━━━ GIVEN RECORDS

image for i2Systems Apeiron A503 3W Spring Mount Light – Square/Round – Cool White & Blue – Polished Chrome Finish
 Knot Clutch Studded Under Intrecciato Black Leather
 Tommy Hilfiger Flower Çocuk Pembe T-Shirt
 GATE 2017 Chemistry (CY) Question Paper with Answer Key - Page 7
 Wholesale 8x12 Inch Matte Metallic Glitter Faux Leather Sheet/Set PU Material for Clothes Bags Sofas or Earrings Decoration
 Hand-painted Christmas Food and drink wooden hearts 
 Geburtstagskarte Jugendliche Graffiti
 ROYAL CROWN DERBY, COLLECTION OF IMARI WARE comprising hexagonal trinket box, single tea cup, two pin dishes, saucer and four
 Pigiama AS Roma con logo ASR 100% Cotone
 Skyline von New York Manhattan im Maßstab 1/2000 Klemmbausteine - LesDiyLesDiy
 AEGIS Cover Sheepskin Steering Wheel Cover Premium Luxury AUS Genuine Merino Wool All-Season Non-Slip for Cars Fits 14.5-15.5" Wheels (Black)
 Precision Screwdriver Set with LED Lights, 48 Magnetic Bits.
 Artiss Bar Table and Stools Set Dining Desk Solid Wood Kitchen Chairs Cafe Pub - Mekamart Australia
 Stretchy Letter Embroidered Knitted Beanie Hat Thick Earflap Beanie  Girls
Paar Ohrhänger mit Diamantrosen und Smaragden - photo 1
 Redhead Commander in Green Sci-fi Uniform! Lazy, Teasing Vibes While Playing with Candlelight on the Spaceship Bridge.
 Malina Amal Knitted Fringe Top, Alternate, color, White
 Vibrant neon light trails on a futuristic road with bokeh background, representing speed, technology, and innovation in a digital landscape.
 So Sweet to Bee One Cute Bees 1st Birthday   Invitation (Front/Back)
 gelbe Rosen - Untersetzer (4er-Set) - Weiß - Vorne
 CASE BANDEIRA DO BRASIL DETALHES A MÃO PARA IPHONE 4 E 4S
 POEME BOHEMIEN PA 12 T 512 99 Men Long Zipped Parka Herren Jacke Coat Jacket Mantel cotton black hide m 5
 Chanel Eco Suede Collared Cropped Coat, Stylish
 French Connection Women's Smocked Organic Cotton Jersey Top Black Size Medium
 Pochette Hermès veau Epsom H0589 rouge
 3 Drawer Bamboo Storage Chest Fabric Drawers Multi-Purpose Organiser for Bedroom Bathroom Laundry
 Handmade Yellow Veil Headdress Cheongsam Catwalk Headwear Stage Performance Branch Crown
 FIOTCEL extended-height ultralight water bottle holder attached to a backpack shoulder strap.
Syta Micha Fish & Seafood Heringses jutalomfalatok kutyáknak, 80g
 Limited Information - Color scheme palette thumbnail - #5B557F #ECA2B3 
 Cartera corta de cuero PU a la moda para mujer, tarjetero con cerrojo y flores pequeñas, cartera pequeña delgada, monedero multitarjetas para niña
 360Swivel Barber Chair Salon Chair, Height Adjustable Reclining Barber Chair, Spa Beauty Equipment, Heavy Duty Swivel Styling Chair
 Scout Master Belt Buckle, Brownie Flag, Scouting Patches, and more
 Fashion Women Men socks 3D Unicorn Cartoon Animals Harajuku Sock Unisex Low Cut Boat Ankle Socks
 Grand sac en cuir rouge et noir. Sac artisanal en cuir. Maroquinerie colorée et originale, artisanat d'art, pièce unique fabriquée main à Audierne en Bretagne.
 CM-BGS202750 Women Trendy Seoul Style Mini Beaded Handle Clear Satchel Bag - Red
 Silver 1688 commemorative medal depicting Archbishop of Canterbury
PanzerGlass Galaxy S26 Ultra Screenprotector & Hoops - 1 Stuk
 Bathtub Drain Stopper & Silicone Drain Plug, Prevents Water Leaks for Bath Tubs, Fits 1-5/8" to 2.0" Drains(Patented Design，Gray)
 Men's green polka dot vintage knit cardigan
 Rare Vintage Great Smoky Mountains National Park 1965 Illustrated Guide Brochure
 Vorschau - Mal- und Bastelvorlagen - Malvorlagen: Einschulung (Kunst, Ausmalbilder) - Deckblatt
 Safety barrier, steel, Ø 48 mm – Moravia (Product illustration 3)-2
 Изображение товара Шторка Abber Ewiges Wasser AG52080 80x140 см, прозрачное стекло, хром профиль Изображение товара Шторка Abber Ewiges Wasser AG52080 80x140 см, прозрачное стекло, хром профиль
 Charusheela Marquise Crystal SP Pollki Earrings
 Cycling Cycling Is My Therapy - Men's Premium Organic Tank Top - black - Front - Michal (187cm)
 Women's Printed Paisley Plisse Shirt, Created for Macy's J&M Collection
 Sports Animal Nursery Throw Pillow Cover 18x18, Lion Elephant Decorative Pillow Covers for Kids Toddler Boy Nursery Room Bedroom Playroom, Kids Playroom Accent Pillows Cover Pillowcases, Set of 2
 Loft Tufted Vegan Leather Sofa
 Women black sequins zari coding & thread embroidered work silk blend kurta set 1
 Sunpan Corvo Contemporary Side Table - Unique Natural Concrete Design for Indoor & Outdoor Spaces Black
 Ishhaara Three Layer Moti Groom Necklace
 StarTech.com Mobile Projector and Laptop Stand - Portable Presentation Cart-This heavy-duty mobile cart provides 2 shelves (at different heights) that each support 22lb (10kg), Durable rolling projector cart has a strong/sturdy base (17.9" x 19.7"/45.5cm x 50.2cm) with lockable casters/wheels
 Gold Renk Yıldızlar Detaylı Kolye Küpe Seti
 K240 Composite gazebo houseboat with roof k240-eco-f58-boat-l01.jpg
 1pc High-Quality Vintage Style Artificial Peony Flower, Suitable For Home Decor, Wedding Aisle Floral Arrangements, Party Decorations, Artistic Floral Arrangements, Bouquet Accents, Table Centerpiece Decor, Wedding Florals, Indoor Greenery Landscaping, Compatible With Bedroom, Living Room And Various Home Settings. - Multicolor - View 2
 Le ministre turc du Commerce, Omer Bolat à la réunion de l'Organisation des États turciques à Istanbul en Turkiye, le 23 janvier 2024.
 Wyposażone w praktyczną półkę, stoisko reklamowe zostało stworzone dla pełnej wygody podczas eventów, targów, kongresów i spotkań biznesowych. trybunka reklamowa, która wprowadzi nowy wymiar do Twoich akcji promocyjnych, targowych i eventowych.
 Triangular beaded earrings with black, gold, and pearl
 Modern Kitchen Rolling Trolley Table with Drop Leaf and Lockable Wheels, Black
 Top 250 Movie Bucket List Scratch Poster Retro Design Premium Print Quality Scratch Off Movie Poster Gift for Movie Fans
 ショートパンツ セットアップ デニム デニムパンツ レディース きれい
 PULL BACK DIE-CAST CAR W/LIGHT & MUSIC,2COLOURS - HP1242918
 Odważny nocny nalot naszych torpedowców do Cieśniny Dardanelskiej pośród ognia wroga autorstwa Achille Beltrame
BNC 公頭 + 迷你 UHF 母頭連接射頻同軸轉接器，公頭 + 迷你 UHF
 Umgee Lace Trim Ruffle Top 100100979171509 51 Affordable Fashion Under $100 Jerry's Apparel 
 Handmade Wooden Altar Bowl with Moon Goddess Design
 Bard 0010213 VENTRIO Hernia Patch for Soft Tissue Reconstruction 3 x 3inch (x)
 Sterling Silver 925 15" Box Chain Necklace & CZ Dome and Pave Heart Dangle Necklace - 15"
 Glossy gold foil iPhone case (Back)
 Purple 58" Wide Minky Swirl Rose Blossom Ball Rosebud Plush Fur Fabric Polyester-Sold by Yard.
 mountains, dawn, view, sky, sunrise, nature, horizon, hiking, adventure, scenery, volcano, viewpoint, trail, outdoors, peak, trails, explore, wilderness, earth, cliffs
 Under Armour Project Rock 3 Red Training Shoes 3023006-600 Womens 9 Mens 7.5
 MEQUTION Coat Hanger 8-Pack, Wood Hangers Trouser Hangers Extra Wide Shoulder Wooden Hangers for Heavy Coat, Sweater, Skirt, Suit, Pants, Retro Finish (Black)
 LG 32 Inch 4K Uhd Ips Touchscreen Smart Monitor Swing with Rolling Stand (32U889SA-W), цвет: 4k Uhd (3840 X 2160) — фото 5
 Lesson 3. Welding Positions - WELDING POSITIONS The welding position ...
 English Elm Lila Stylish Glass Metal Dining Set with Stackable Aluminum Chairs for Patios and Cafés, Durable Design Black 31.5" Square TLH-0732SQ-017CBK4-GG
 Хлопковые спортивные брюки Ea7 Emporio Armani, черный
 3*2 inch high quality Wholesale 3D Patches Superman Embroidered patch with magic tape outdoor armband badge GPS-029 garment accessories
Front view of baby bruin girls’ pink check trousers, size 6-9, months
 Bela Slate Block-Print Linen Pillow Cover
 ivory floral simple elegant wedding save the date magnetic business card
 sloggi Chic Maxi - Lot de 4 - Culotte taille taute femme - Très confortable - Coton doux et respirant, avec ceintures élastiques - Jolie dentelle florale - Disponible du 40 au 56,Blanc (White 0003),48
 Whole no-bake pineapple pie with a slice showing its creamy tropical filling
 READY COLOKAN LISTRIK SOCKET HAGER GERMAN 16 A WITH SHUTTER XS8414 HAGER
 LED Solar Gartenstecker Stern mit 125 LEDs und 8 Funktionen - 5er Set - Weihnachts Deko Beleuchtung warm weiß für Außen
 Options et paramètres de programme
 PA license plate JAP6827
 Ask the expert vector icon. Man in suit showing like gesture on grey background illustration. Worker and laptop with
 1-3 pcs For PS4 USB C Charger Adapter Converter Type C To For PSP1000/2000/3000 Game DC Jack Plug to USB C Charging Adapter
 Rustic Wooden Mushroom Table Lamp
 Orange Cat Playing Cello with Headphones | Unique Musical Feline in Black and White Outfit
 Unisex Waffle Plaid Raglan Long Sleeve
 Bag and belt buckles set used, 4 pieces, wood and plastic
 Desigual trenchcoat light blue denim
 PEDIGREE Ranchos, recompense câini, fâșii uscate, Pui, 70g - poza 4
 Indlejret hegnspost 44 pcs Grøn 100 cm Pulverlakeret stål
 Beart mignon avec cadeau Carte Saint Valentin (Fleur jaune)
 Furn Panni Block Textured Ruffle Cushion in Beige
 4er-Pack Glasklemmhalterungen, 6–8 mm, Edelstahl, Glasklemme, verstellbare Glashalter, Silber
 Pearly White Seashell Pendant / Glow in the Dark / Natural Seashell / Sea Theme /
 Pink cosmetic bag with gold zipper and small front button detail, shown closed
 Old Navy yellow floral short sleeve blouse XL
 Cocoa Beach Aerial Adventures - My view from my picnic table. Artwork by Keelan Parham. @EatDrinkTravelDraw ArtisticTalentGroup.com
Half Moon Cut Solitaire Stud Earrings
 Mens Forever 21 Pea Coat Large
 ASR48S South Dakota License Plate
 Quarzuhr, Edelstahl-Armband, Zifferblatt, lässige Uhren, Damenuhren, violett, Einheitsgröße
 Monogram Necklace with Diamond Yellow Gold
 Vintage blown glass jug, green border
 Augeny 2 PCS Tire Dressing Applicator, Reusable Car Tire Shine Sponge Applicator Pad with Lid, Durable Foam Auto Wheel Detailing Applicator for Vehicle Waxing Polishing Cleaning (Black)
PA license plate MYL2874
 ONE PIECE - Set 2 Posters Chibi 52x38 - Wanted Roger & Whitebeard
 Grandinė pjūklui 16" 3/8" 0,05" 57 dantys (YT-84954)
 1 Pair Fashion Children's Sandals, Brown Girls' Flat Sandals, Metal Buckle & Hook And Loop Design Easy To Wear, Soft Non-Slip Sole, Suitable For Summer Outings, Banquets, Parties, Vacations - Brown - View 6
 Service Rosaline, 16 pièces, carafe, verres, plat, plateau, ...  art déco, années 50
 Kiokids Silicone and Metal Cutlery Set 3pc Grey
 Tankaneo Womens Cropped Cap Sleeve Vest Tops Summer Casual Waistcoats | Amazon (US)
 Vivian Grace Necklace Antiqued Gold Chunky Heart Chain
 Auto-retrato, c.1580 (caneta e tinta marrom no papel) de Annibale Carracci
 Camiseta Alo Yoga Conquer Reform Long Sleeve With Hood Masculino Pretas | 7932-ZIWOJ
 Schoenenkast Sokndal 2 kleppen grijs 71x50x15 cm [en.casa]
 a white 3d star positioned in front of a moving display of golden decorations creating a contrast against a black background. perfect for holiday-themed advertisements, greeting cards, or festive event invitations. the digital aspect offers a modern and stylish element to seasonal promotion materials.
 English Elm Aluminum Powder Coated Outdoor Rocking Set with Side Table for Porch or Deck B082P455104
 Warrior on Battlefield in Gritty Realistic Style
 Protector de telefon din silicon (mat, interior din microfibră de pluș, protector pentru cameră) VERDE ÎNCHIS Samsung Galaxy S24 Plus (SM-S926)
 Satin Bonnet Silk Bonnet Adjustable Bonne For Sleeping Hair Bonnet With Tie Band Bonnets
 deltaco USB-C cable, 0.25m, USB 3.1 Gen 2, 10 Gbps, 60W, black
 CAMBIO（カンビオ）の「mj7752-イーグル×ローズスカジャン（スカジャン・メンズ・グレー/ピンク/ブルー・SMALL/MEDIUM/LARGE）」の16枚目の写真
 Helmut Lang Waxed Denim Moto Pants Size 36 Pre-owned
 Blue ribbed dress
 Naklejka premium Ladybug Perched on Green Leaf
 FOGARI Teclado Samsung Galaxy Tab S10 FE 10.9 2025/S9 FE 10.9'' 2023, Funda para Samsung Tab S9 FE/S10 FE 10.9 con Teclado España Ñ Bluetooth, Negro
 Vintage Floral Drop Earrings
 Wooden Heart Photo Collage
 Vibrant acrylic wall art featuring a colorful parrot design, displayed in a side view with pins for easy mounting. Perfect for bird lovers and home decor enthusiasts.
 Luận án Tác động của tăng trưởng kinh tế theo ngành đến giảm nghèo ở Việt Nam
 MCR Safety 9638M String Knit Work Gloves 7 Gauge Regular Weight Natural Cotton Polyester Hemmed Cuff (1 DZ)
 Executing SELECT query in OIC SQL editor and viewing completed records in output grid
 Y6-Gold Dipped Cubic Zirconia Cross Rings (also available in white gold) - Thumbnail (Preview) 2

━━━━━━

EXERCISE DETAILS:
Looking at the data above, write out exactly the lines that start at the one containing "Fashion Women Men" and end at the one containing "Cycling Cycling Is"; include both and nothing beyond.

EXERCISE SOLUTION:
 Fashion Women Men socks 3D Unicorn Cartoon Animals Harajuku Sock Unisex Low Cut Boat Ankle Socks
 Grand sac en cuir rouge et noir. Sac artisanal en cuir. Maroquinerie colorée et originale, artisanat d'art, pièce unique fabriquée main à Audierne en Bretagne.
 CM-BGS202750 Women Trendy Seoul Style Mini Beaded Handle Clear Satchel Bag - Red
 Silver 1688 commemorative medal depicting Archbishop of Canterbury
PanzerGlass Galaxy S26 Ultra Screenprotector & Hoops - 1 Stuk
 Bathtub Drain Stopper & Silicone Drain Plug, Prevents Water Leaks for Bath Tubs, Fits 1-5/8" to 2.0" Drains(Patented Design，Gray)
 Men's green polka dot vintage knit cardigan
 Rare Vintage Great Smoky Mountains National Park 1965 Illustrated Guide Brochure
 Vorschau - Mal- und Bastelvorlagen - Malvorlagen: Einschulung (Kunst, Ausmalbilder) - Deckblatt
 Safety barrier, steel, Ø 48 mm – Moravia (Product illustration 3)-2
 Изображение товара Шторка Abber Ewiges Wasser AG52080 80x140 см, прозрачное стекло, хром профиль Изображение товара Шторка Abber Ewiges Wasser AG52080 80x140 см, прозрачное стекло, хром профиль
 Charusheela Marquise Crystal SP Pollki Earrings
 Cycling Cycling Is My Therapy - Men's Premium Organic Tank Top - black - Front - Michal (187cm)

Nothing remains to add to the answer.